Breast cancer mortality disparities are greatest among women diagnosed with ER+/HER– breast cancer stages I–III; therefore, we assessed survival associations among patients with this clinical subtype. In association with log2-unit increase in expression of MUC1, white women had reduced risk of recurrence (HR = 0.81, 95% CI = 0.65–1.01), but MUC1 levels were not associated with recurrence in black women (HR = 0.98, 95% CI = 0.81–1.20). High (vs low) expression of PSPH and TYMS was associated with more than twice the risk of recurrence in black (PSPH HR = 2.25, 95% CI = 0.99–5.13; TYMS HR = 2.64, 95% CI = 1.00–6.95), but not white (PSPH HR = 1.90, 95% CI = 0.73–4.95; TYMS HR = 0.51, 95% CI = 0.19–1.43) women (Additional file 1: Table S3).
The MRE score, which evaluated the additive effects of all eight genes, was associated with increased risk of recurrence among all women (HR = 1.11, 95% CI = 1.04–1.19) and among white (HR = 1.14, 95% CI = 1.03–1.27) and black (HR = 1.11, 95% CI = 1.02–1.20) women after covariate adjustment, including adjustment for PAM50 subtype and ROR-PT score.

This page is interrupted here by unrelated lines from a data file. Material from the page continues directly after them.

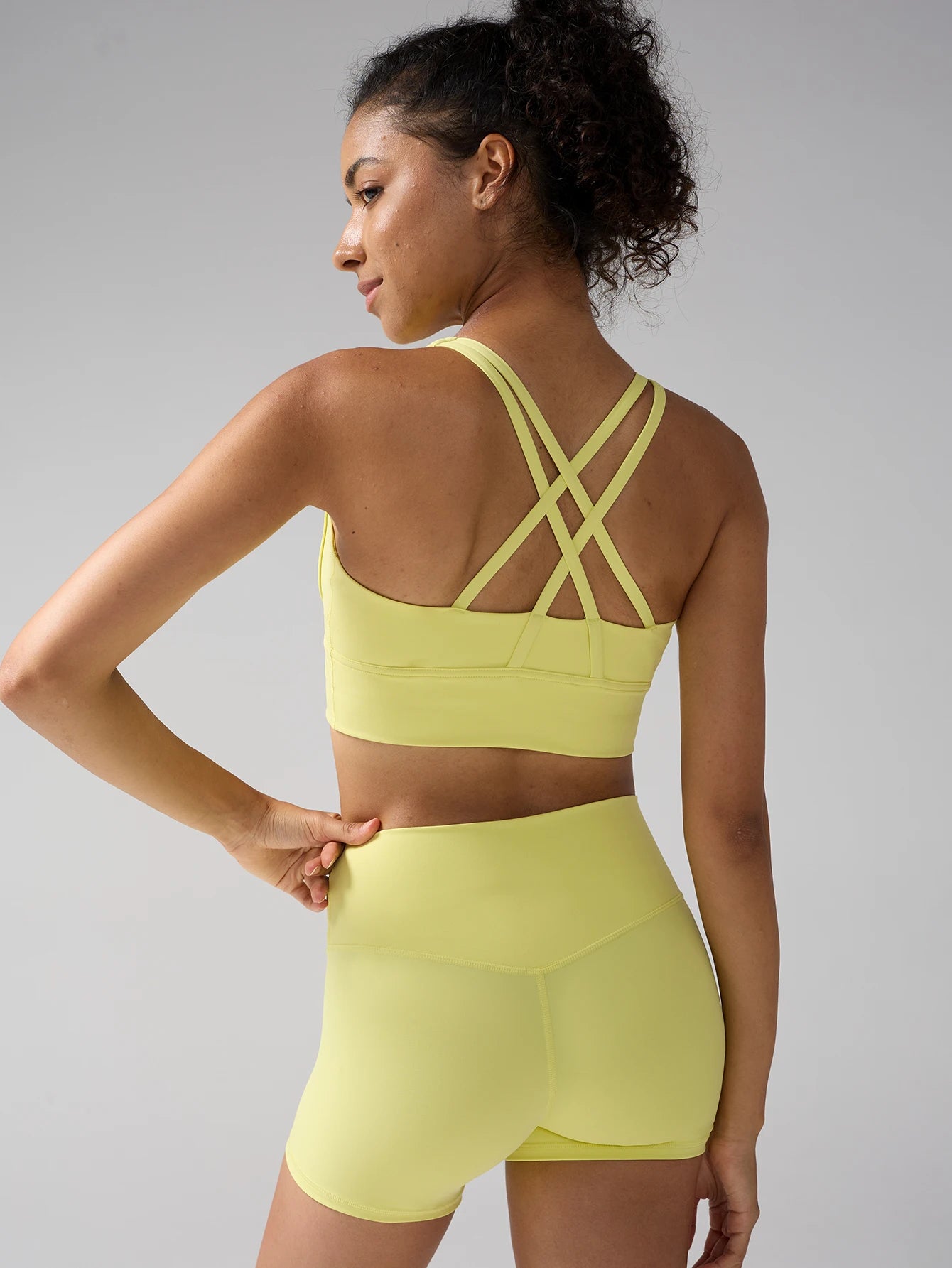 2 Piece Short Set - Beautiful Cross Back Yoga Bra & High Waist Elasticity Yoga Shorts
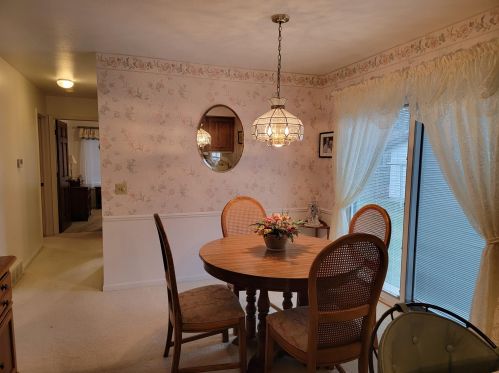 3304 Glenside Blvd, Meskegon MI 49441-6206 exterior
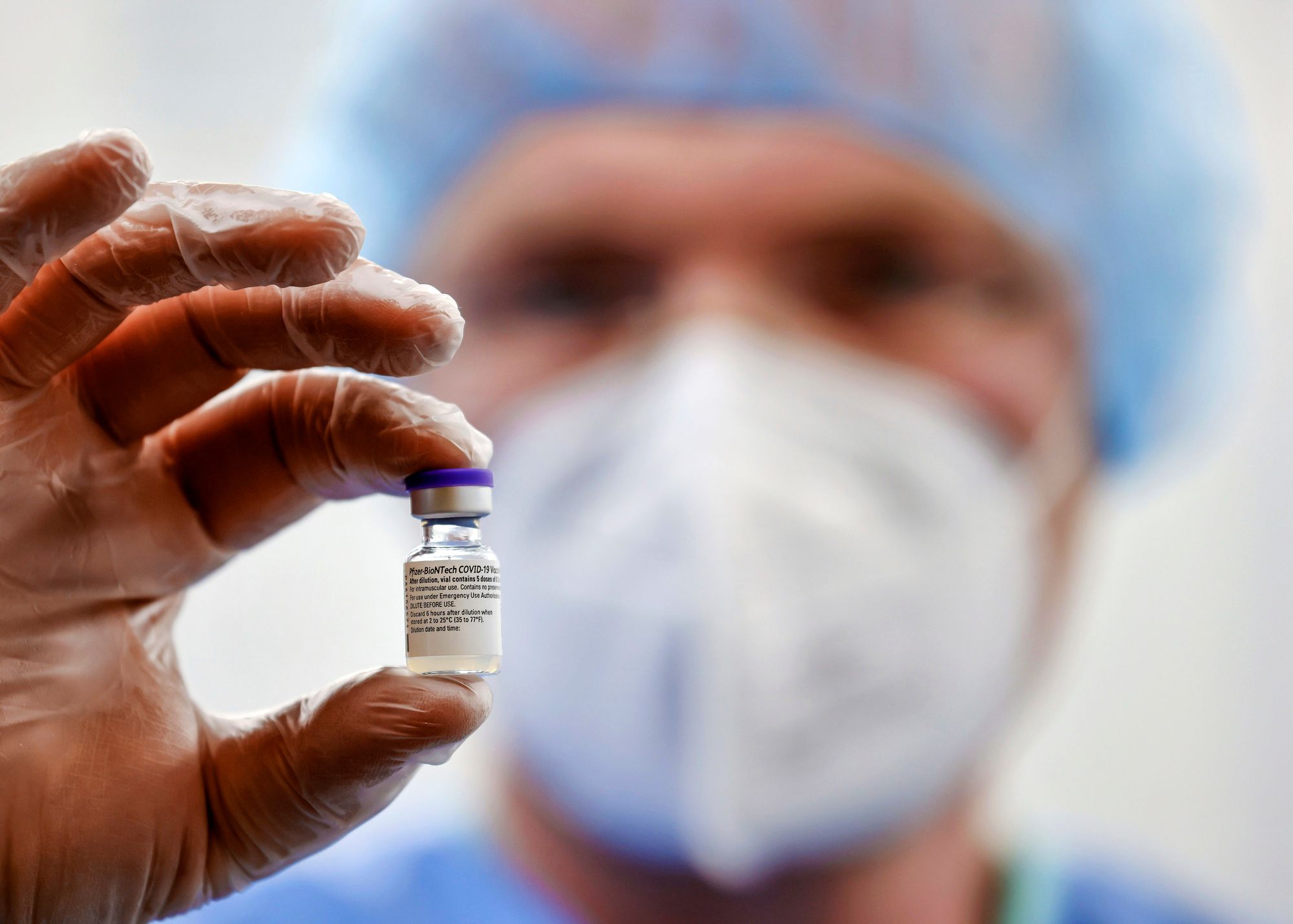 Epäselvyydet eivät tarkoita sitä, että Biontech-Pfizerin rokote olisi vaarallinen. © Rupert Oberhäuser / Mauritius Images / Lehtikuva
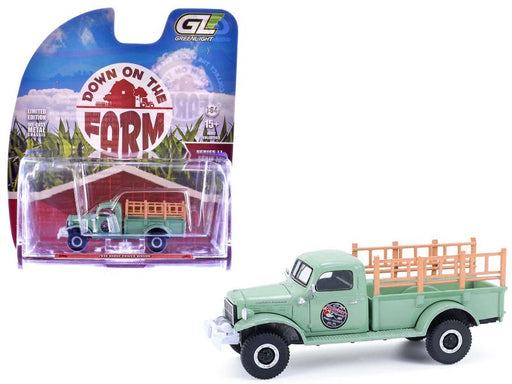 1946 Dodge Power Wagon - Strawberry Farm - Down on the Farm Series 11 - 1/64 Greenlight - 48110 B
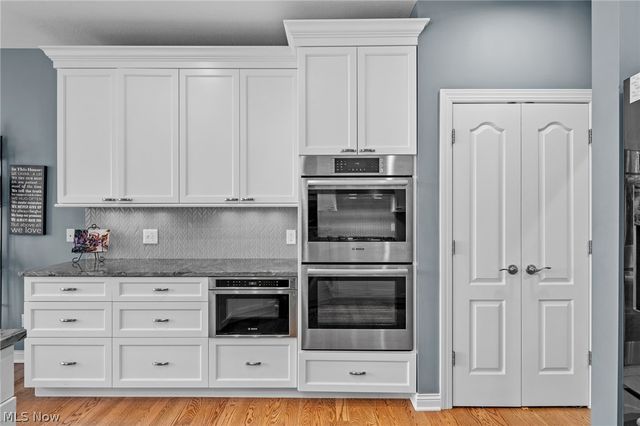585 Burgess Circle, Aurora, OH 44202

Among women of both races, the risk of recurrence for women with the highest MRE scores (4 to 8), relative to those with the lowest scores (–8 to –2), was associated with a 110% increase (HR = 2.10, 95% CI = 1.22–3.62) in recurrence risk. In the subgroup of women with ER+/HER– breast cancer, the MRE score was associated with a 15% increase in risk in black women (HR = 1.15, 95% CI = 1.00–1.31), but not white women (HR = 1.08, 95% CI = 0.95–1.23).
Discussion
Previously reported race and survival-associated genes including MUC1, GSTT2, PSPHL, SQLE, and TYMS were associated with race in this population-based study of women diagnosed with breast cancer. Except for FAM177A1 and GSTT2, the genes we examined in this study were associated with risk of recurrence in unadjusted models. Of the genes differentially expressed by race, SQLE expression as a continuous measure was associated with increased risk of breast cancer recurrence, even after adjustment for breast cancer subtype and ROR score. Additionally, a multi-gene score comprised of all eight genes examined in this study was strongly associated with recurrence risk among all women and among black women diagnosed with ER+/HER– breast cancer.
Our findings are consistent with prior studies reporting lower expression of MUC1 and higher expression of GSTT2, PSPHL, SQLE, and TYMS among black women compared to white women [9–12]. MUC1 expression was positively associated with lower grade, smaller tumor size, and positive ER/PR status in our study and in a previous study [16]; however, expression was not associated with recurrence among black women after adjustment for PAM50 subtype, although there was a suggestive inverse association with recurrence among white women. MUC1, which is part of a large family of mucin glycoproteins, is involved with cell signaling and cell-cell and cell-matrix adhesion [17], and may impact breast cancer recurrence via these pathways or by directly binding to and activating ERα [18]. In contrast to previous studies, in our study PSPH and ACOX2 were not differentially expressed by race, although PSPH, but not ACOX2, expression was associated with recurrence. Interestingly, recent evidence suggests that racial differences in the expression of PSPHL may be a consequence of a 30-kb deletion from chromosome 7p11, including the promoter and first three of four exons of PSPHL, effectively eliminating PSPHL expression, more frequently found among individuals of African ancestry [19]. Although we did not examine PSPHL polymorphisms, our findings may reflect underlying genetic differences. Whereas the study by Rummel and colleagues [19] found no association between PSPHL loss or retention and pathological characteristics, in our study, PSPHL expression was associated with grade, tumor size, ER/PR status, and breast cancer PAM50 subtype [19].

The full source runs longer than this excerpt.